Albert Camus, The Plague.

Periodically, I am asked about the relationship between law and literature. Therefore, it came as no surprise to be sent a book on that theme, The Meursault Investigation (2013) by the Algerian writer Kamel Daoud. It is a rebuke to the greatest Algerian, or indeed French, writer of the last century, Albert Camus, and in particular his classic novel of 1942, The Outsider.

In fact, Daoud’s account can be read as a form of homage to Camus’s seminal work, taking as it does the murdered Arab as its lynchpin. Nonetheless, there is an implicit critique of Camus’s putative racism or imperialism, or at best, a lack of empathy for the individual killed.

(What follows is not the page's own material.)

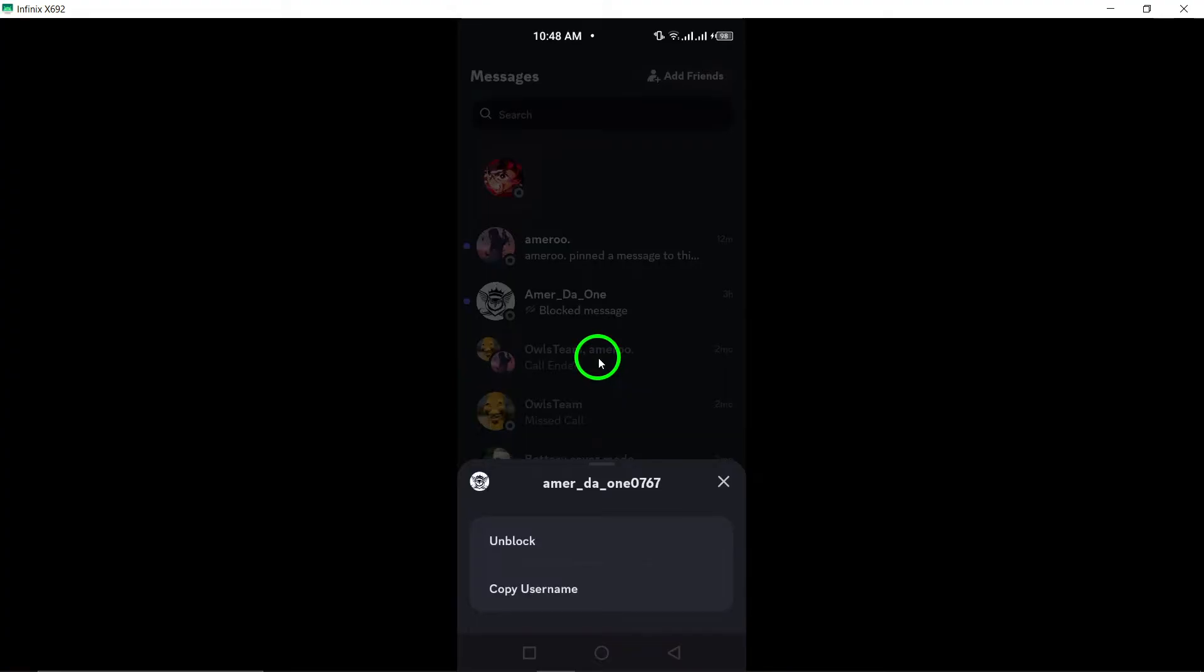And that's it. You've successfully unblocked someone on Discord. If you found this video helpful, don't forget to give it a thumbs up and subscribe for more tips. Happy chatting.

It is most decidedly not univocally hostile, insofar as Daoud – himself the subject of a religious fatwa in his native land – clearly despises what Camus in effect warned against: the rise of extremism, whether religious or secular, as is the theme of his historical novel The Rebel (1952), set during the French Revolution.

Daoud’s book concludes with an idea Camus himself would surely have approved of: how to hold on to the precious commodity of truth? This is a subject dear to my heart too as a practising criminal defence barrister.

There have been other condemnations of Camus. Richard Posner, for instance, argues:

Not only is the Arab victim left nameless, Arab customs and culture are occluded. Mosques, souks, Arabic, the milling throngs of Arabs in the street all are ignored even though Arabs outnumbered Europeans in French Algeria by more than ten to one.[i]

Edward Said also claims that Camus implicitly accepted French control over Algeria in Culture and Imperialism. But to my mind these assessments fall far wide of the mark, and fail to acknowledge the great humanity of the author.

Marxist Critique

Marxist extremists such as Jean-Paul Sartre and his partner Simone de Beauvoir also crucified Camus over this perceived failing. De Beauvoir’s 1960 autobiography, The Prime of Life, expressed a cold-blooded contempt for Camus, seemingly for his independence of mind, and ideas beyond the cult.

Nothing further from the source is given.